Secara lahiriah Siddharta tampak sebagai manusia biasa, tetapi di
dalam tubuhnya yang tampak itu tersembunyi pribadi yang sebenarnya, yang tak
dapat dihayati oleh manusia biasa kecuali oleh mereka yang beriman. Tubuh
kegirangan ini dipandang sebagai tubuh yang tingginya 18 kaki, berwarna
keemasan. Di antara kedua keningnya di bagian atas terdapat suatu ikalan yang
lembut seperti kapas yang disebut urns, selanjutnya di atas kepalanya terdapat
usnisa, semacam serban di atas kepala. Akhirnya di sekitar kepala itu ada
lingkaran sinar, yang menandai kesucian dan sifat ilahinya.
2.
Ajaran tentang Dharma
Dharma adalah ajaran pokok. Ajaran pokok agama Buddha dirumuskan di
dalam yang disebut empat kebenaran yang mulia (4 aryasatyani). Yaitu ajaran
yang diajarkan oleh Buddha Gautama di Benares, sesudah ia mendapat pencerahan.
a.
Aryasatyani
Aryasatyani itu terdiri dari empat kata: yaitu dukha, samudaya,
nirodha dan marga.
v Yang disebut dukha ialah penderitaan. Hidup ini adalah penderitaan.
Misalnya: kelahiran adalah penderitaan, umur tua adalah penderitaan, sakit
adalah penderitaan, mati adalah penderitaan, disatukan dengan apa yang tak
disukai adalah penderitaan, dipisahkan dari yang disukai adalah penderitaan,
tidak mencapai yang diinginkan adalah penderitaan dan sebagainya.
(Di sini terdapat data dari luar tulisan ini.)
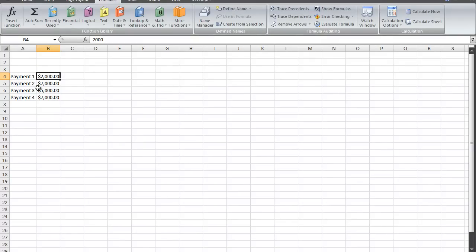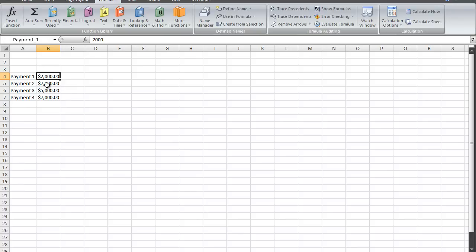I have payment 1 of 2,000, payment 2 of 7,000 and so on and so forth. Now what I'm going to do is name this particular cell, cell B4 where the monetary amount is. I'm going to name this cell payment 1 and I'm going to name the cell beneath it payment 2.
v Yang dimaksud dengan samudaya adalah sebab. Maksudnya penderitaan
itu ada sebabnya. Keinginan kepada hidup itu menyebabkan orang dilahirkan
kembali, dengan disertai nafsu dan keinginan, yang mencari kepuasan di
sana-sini. Yaitu nafsu/keinginan kepada kesenangan, nafsu/keinginan kepada
milik, nafsu/keinginan kepada kekuasaan.
v Yang dimaksud dengan nirodha ialah pemadaman. Yaitu pemadaman
penderitaan itu terjadi, bila kita mampu menghapuskan seluruh nafsu/keinginan
kita secara sempurna.
v Yang dimaksud dengan marga ialah jalan kelepasan. Yaitu jalan yang
menuju kepada pemadaman penderitaan. Ini ada delapan, yakni:
1.
Percaya
yang benar, 5. Hidup yang benar,
2.
Maksud
yang benar, 6. Usaha yang benar,
3.
Perkataan
yang benar, 7. Ingatan yang benar,
4.
Perbuatan
yang benar, 8. Samadhi yang benar.
Yaitu konsentrasi sedemikian rupa
sehingga ia menjadi satu dengan sasaran semadie, dan mendapatkan damai
batiniah.
b.
Pratica samutpada
Penderitaan
itu disebabkan oleh nafsu/keinginan. Untuk menerangkan hal ini diajarkan apa
yang disebut Pratica Samutpada. Artinya pokok permulaan yang bergantungan.
Pokok permulaan sesuatu bergantung kepada pokok permulaan yang mendahuluinya, dan
ini bergantung lagi kepada pokok permulaan yang mendahuluinya dan seterusnya.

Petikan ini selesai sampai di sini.